BRIEF SUMMARY OF THE INVENTION
[0009] The invention relates to a corona shield for a composite
insulator, wherein the latter comprises a rod with insulating
material and ribs and at least one end fitting. The corona shield
is integrally made from plastic material. It is configured to be
coaxially disposed at the interface between the rod and the end
fitting. Thus, the corona shield forms an inward open cavity. Said
cavity can be filled with sealant compound through at least one
filling channel. It comprises an end cuff on both sides in axial
direction in order to seal the cavity. The diameter of the closing
cuff at the rod side is adapted to the diameter of the insulating
jacket and the diameter of the closing cuff at the end fitting side
is adapted to the diameter of the end fitting. The filling channel
leads to the cavity from the outside.
[0010] Another aspect of the invention relates to a composite
insulator, which comprises a rod with an insulating jacket and
ribs, at least one end fitting and at least one corona shield of
the type described supra. The insulating jacket and the ribs are
made from insulating plastic material. The corona shield is
produced as a separate shaped component. It is coaxially disposed
on the composite insulator at the interface from the rod to the end
fitting. Its cavity is filled with sealant compound.

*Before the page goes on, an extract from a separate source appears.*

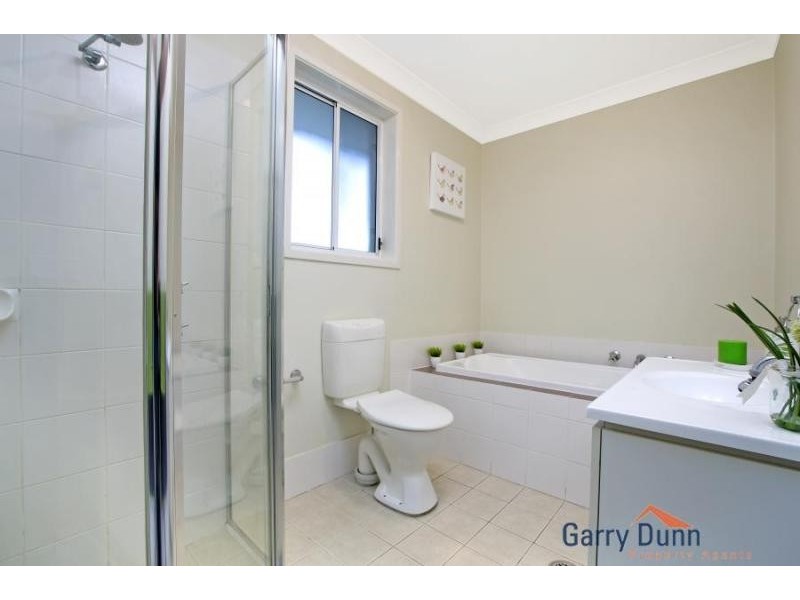 39 Whitfield Pde, Hammondville NSW 2170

[0011] Other features are inherent in the disclosed products and
methods or will become apparent to those skilled in the art from
the following detailed description of embodiments and the
accompanying drawings.
BRIEF DESCRIPTION OF THE DRAWINGS
[0012] Embodiments of the invention will now be described in an
exemplary manner with reference to the accompanying drawing figure,
in which:
[0013] FIG. 1 shows a schematic illustration of a longitudinal cut
view of an embodiment of a composite insulator with a corona shield
at each of its two ends;
[0014] FIG. 2 shows a respective sectional view of one of the
corona shields of FIG. 1,
[0015] FIG. 3 shows a view into the corona shield of FIG. 1 along
the insulator axis;
[0016] FIG. 4 shows a respective schematic longitudinal sectional
view of the end portion of another embodiment of a composite
insulator 1, in which the cavity also comprises two partial
cavities, which, however, are not separated from one another
through the corona shield as in FIG. 1; furthermore, FIG. 4
illustrates a glue joint of the corona shield with the insulator
jacket;
[0017] FIG. 5 shows an illustration of another embodiment according
to FIG. 4, in which the cavity of the corona shield is not divided
into partial cavities according to FIGS. 1 and 4; furthermore, FIG.

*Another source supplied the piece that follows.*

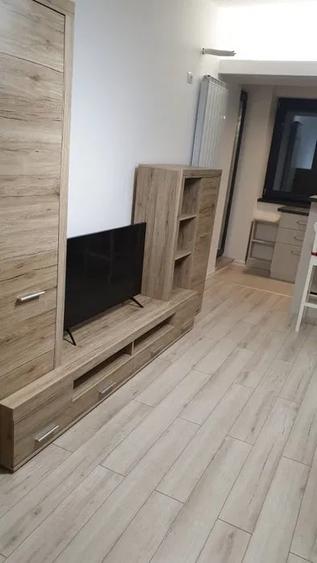 Apartament cu 2 camere semidecomandat, mobilat în Grozăvești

5 illustrates is the case of a corona shield provided with a
semi-conducting layer and the case of separately produced ribs,
which are connected to the insulation sleeve through a glue
joint.
DETAILED DESCRIPTION OF THE INVENTION
[0018] Before giving a detailed description of the drawing figures,
the preferred embodiments are described initially.
[0019] The embodiments relate to high voltage insulators and corona
shields for such insulators. "High voltage" is interpreted here in
a general sense, which comprises medium voltage, high voltage (in a
more restrictive sense) and ultrahigh voltage, thus from 1 kV to
several 100 kV.
[0020] The composite insulators according to the embodiments,
subsequently sometimes also briefly designated as "insulators",
comprise a centrally extending rod, thus forming the longitudinal
axis of the insulator, often also designated as core or trunk. The
rod is e.g. cylindrical with circular or non-circular cross
section. It is used for receiving tension-, compression-, shear
and/or torsion forces, and thus provides the necessary mechanical
stability for the insulator. The rod is electrically conductive and
made e.g. of a glass fiber reinforced hard plastic material, e.g.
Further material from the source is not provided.